Facts derived here are used in the Dialectic chat endpoint to generate
context-aware responses that can correctly reference both concrete facts
extracted from messages and social insights deduced from facts, tone, and
opinion.
Deriver tasks are processed in parallel, but tasks affecting the same peer representation will always be processed serially in order of message creation, so as to properly understand their cumulative effect.
- Representation Tasks: Generate/update peer representations
- Summary Tasks: Generate conversation summaries
Peer Representations
Peer representations are more of an abstract concept, as they are made up of various pieces of data stored throughout Honcho. There are however multiple types of representations that Honcho can produce.
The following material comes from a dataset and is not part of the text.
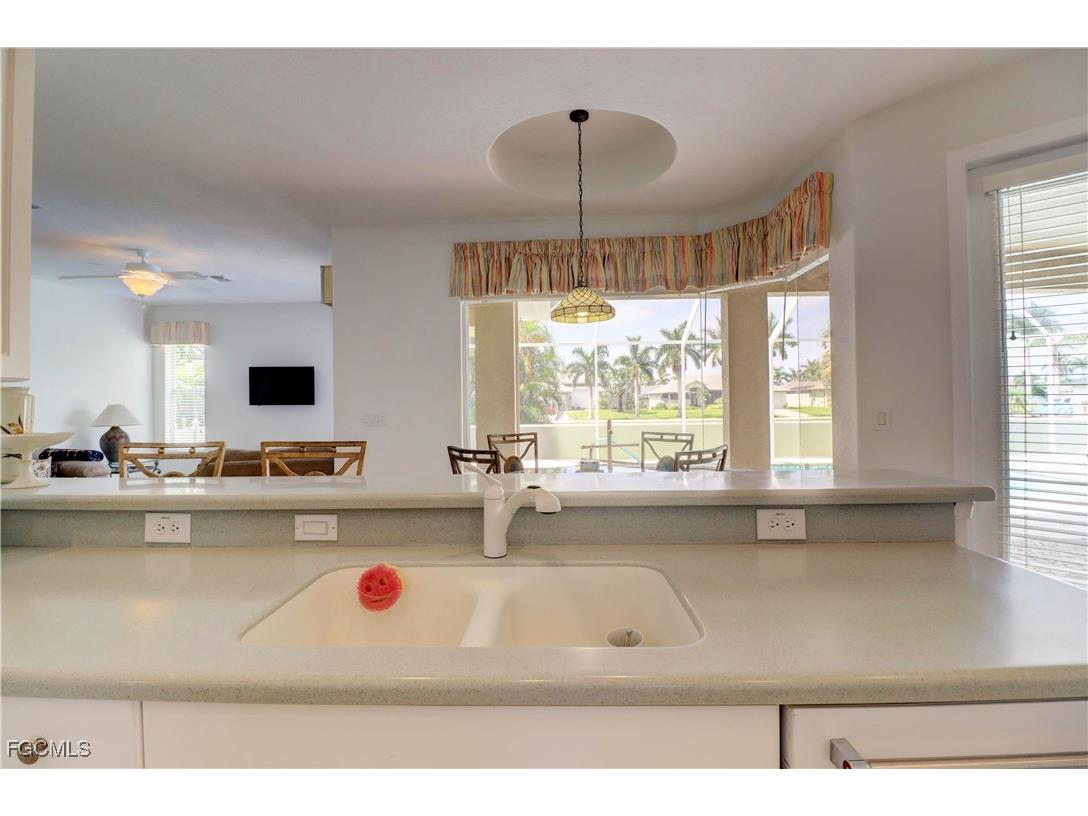 2216 SW 43rd Lane Cape Coral FL 33914 2025000639 image36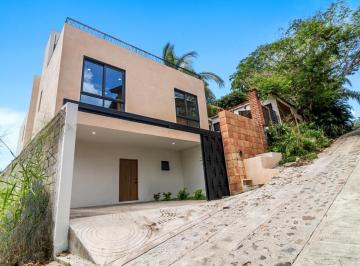 Casa · 318m² · 4 Recámaras · Casa Nueva en Venta en Sayulita | Alberca Privada y Roof Garden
Honcho handles both local and global representations of Peers, where local representations are specific to a single Peer’s view of another Peer, while Global Representations are based on any message ever produced by a Peer.
By default, local representations are disabled, but can be enabled in a
Peer or Session level configuration
Summary
Summary tasks create conversation summaries. Periodically, a “short” summary will be created for each session as messages are added — every 20 messages by default. “Long” summaries are created every 60 messages by default and maintain a total overview of the session by including the previous summary in a recursive fashion. These summaries are accessed in theget_context
endpoint along with recent messages, allowing developers to
easily fetch everything necessary to generate the next LLM completion for an
agent.
The system defaults are also the checkpoints used on the managed version of
Honcho hosted at https://api.honcho.dev
Dialectic API
The Dialectic API is one of the most integral components of Honcho and acts as the main way to leverage Peer Representations. By using the/chat
endpoint,
developers can directly talk to Honcho about any Peer in a workspace to get
insights into the psychology of a Peer and help them steer their behavior.
This allows us to use this one endpoint for a wide variety of use cases. Model
steering, personalization, hydrating a prompt, etc. Additionally, since the
endpoint works through natural language, a developer can allow an agent to
backchannel directly with Honcho, via MCP or a direct API call.
Developers should frame the Dialectic as talking to an expert on the Peer rather than addressing the Peer itself, meaning:
Think of Dialectic Chat as an assisting agent that your main agent can consult for contextual information about any actor in your application.